Exercise objective =
With pictures omitted, copy exactly the lines from the one containing "Star Wars: The" through the end of the records below.

>>>>

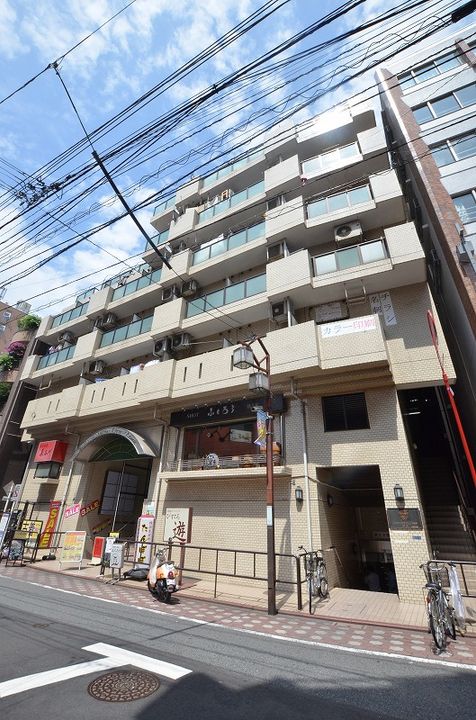 ペガサスステーションプラザ蒲田の外観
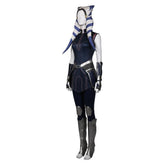 Star Wars: The Clone Wars Staffel 7-Ahsoka Tano Cosplay Kostüm Outfits Halloween Karnval Kostüm Version C - cosplaycartde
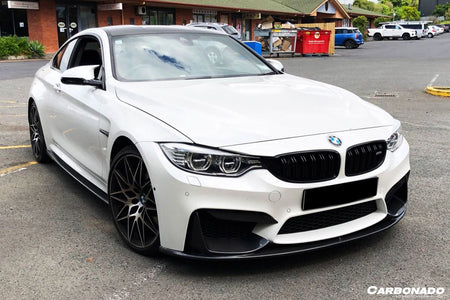 DARWINPRO - BMW M4 F82 2014-2020 VA STYLE CARBON FIBRE SIDE SKIRTS - Aero Carbon UK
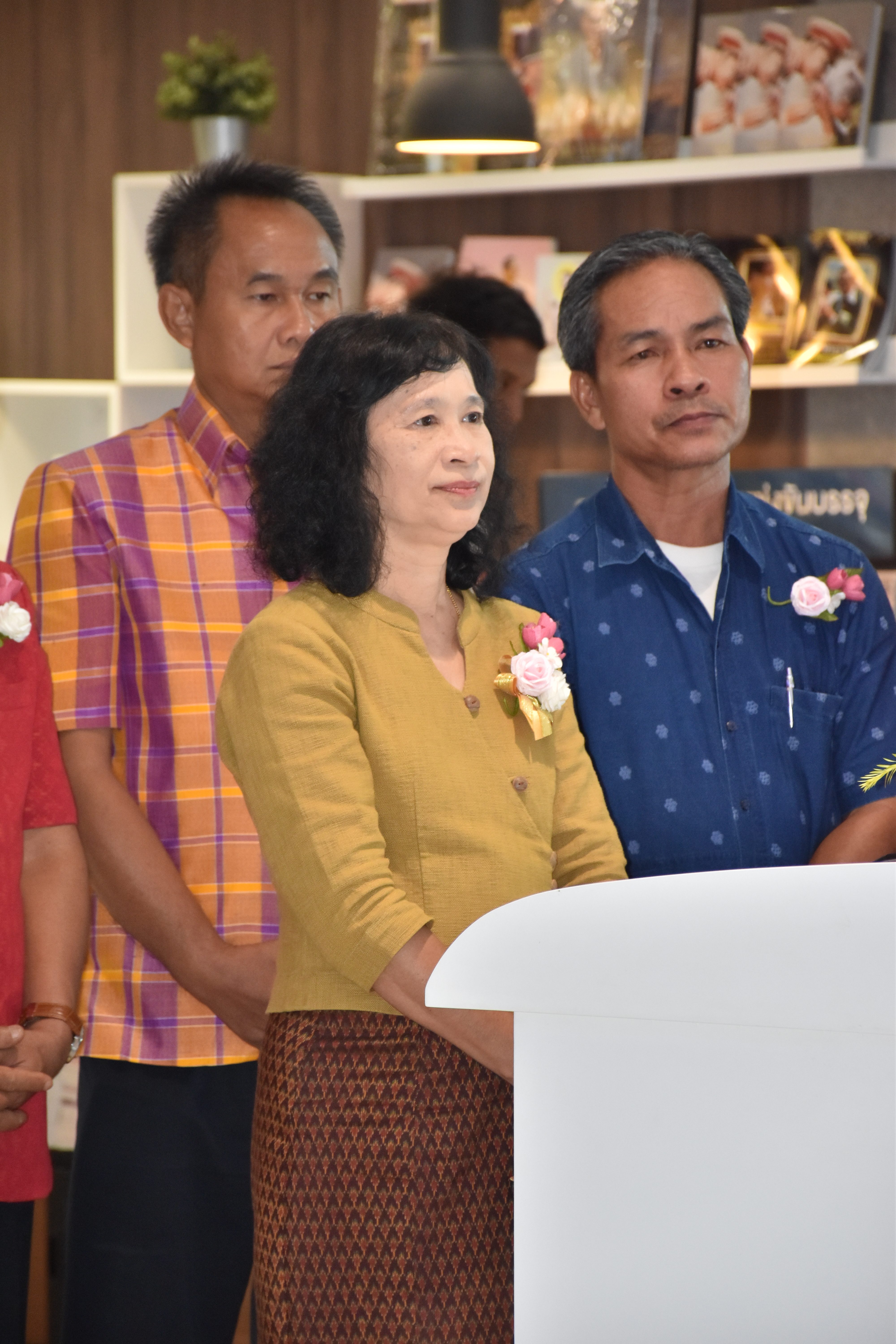 22 มิถุนายน 2561 พิธีเปิดงานการจัดแสดงนิทรรศการและผลงานหมู่บ้านท่องเที่ยวโดยชุมชน “กิจกรรมส่งเสริมช่องทางการตลาดระดับจังหวัด ” ตามโครงการยกระดับการท่องเที่ยวทางวัฒนธรรมครบวงจร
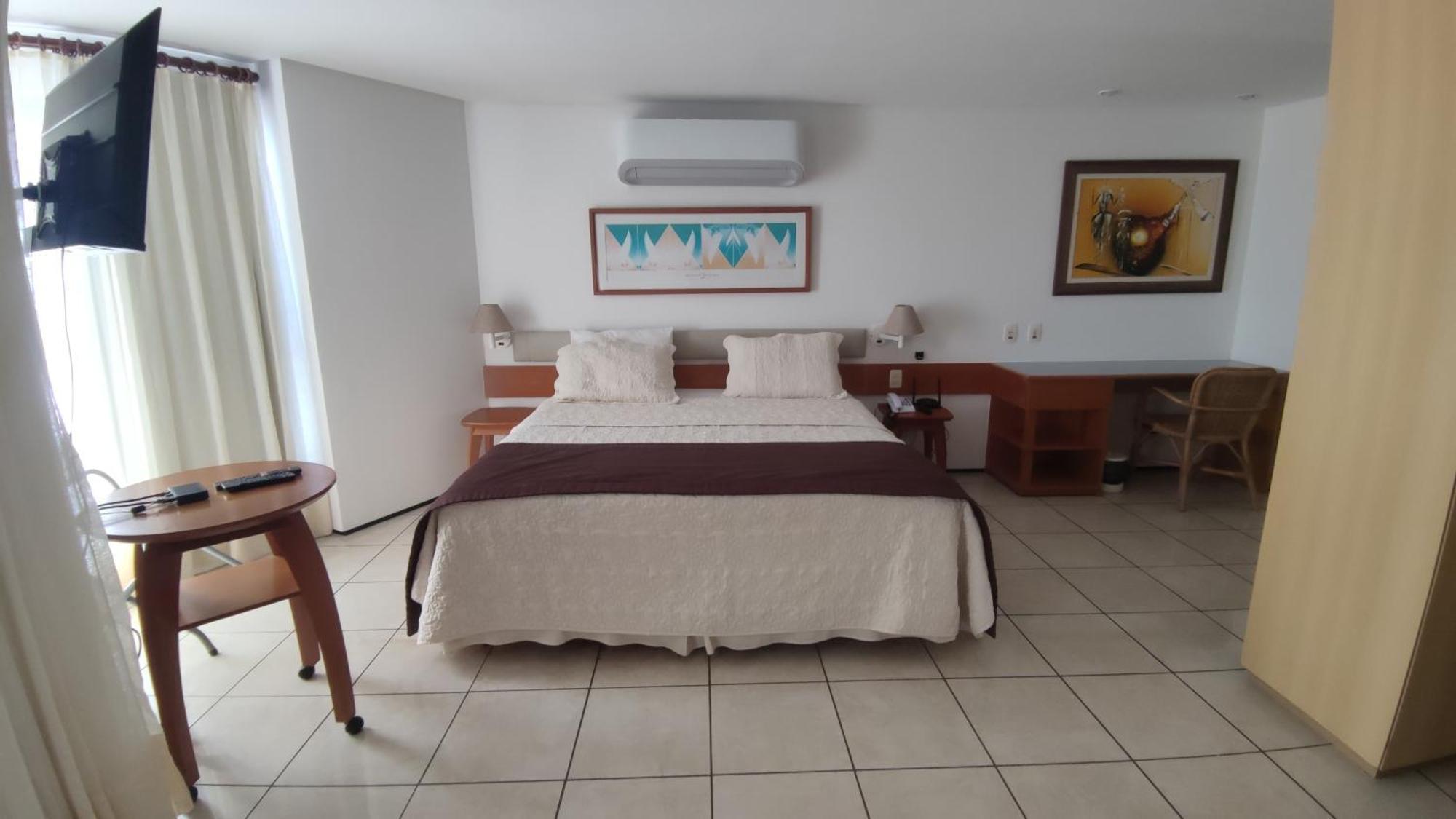 Iate Plaza - Flat 312 Particular Hotel Fortaleza  Ngoại thất bức ảnh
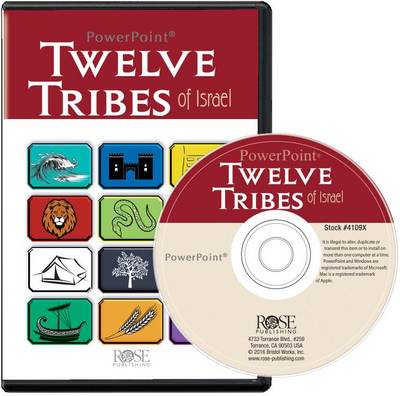 Book cover for Twelve Tribes of Israel PowerPoint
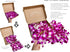 (100 Miami Fresh Orchid Loose Bloom PERISHABLE flowers OrchidClub USA Sunne Tropical DIY lei, food & drink decoration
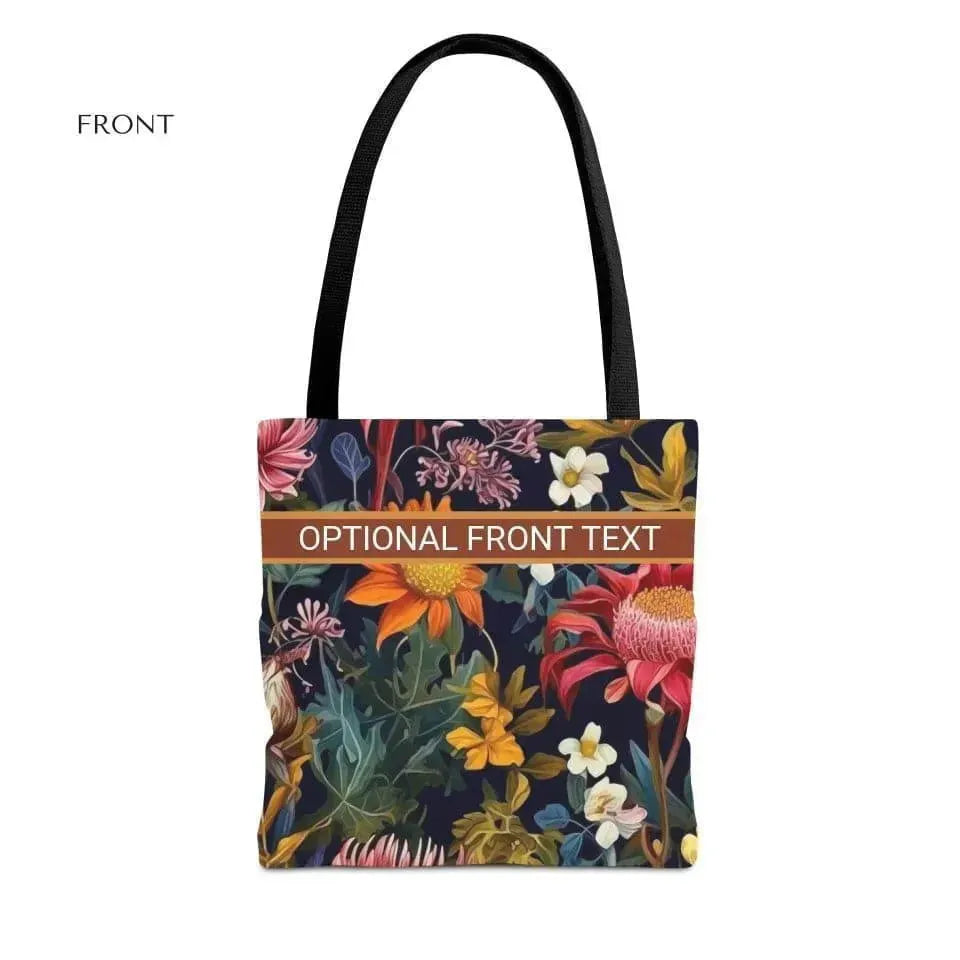 Custom Boho Wildflower Bags - ARTFULANE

<<<<

Output for this task =
 Star Wars: The Clone Wars Staffel 7-Ahsoka Tano Cosplay Kostüm Outfits Halloween Karnval Kostüm Version C - cosplaycartde
 DARWINPRO - BMW M4 F82 2014-2020 VA STYLE CARBON FIBRE SIDE SKIRTS - Aero Carbon UK
 22 มิถุนายน 2561 พิธีเปิดงานการจัดแสดงนิทรรศการและผลงานหมู่บ้านท่องเที่ยวโดยชุมชน “กิจกรรมส่งเสริมช่องทางการตลาดระดับจังหวัด ” ตามโครงการยกระดับการท่องเที่ยวทางวัฒนธรรมครบวงจร
 Iate Plaza - Flat 312 Particular Hotel Fortaleza  Ngoại thất bức ảnh
 Book cover for Twelve Tribes of Israel PowerPoint
 (100 Miami Fresh Orchid Loose Bloom PERISHABLE flowers OrchidClub USA Sunne Tropical DIY lei, food & drink decoration
 Custom Boho Wildflower Bags - ARTFULANE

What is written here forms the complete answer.